» DATA FOR THE TASK:
◇ ◇ ◇
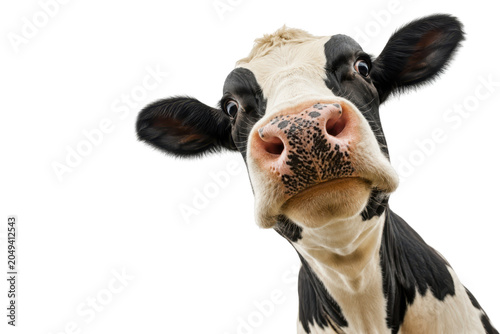 Funny close-up portrait of a curious black and white dairy cow looking directly into the camera, isolated on a clean white background. Expressive farm animal face with wide-angle perspective
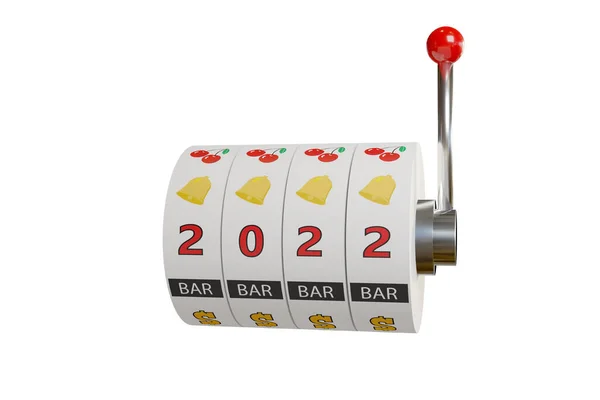 Wheels Slot Machine Number 2022 Isolated White Background New Year — Stock Photo, Image
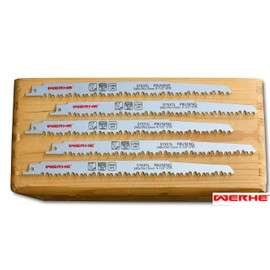WERHE ® Professional - 5 x Wood & Branches Reciprocating Saw Blades - C 240mm S1531L Extra Long - HCS Steel - Fast Cutting Thick Layers - Compatible with Bosch, Makita Foxtail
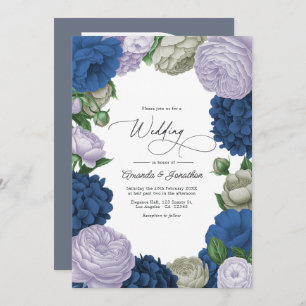 Deep Navy, Soft Lilac & Cloud Gray Floral Wedding Invitation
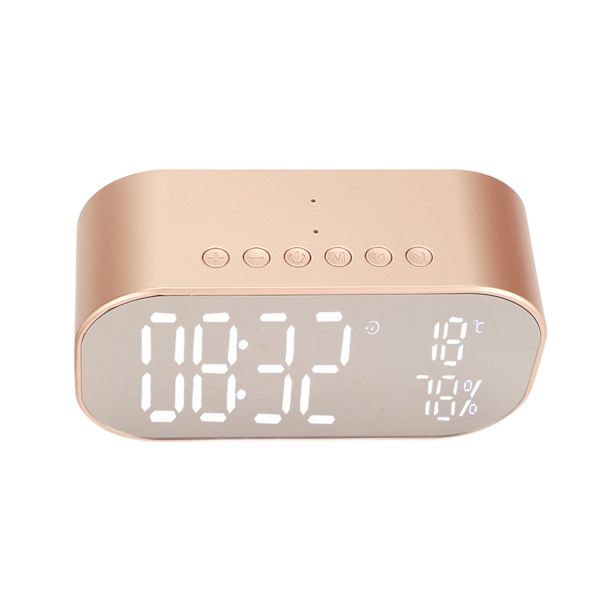 Alarmklockradio Multifunktion FM Digital Radioväckarklocka med Bluetooth-högtalare för hemsovrumGuld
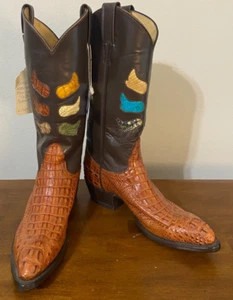 Ladies New Alligator Boots Size 7.5 B. Brown Made in USA. Genuine Alligator. - Picture 1 of 7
◇ ◇ ◇
Retype all the data exactly; skip the pictures.

 Funny close-up portrait of a curious black and white dairy cow looking directly into the camera, isolated on a clean white background. Expressive farm animal face with wide-angle perspective
 Wheels Slot Machine Number 2022 Isolated White Background New Year — Stock Photo, Image
WERHE ® Professional - 5 x Wood & Branches Reciprocating Saw Blades - C 240mm S1531L Extra Long - HCS Steel - Fast Cutting Thick Layers - Compatible with Bosch, Makita Foxtail
 Deep Navy, Soft Lilac & Cloud Gray Floral Wedding Invitation
 Alarmklockradio Multifunktion FM Digital Radioväckarklocka med Bluetooth-högtalare för hemsovrumGuld
 Ladies New Alligator Boots Size 7.5 B. Brown Made in USA. Genuine Alligator. - Picture 1 of 7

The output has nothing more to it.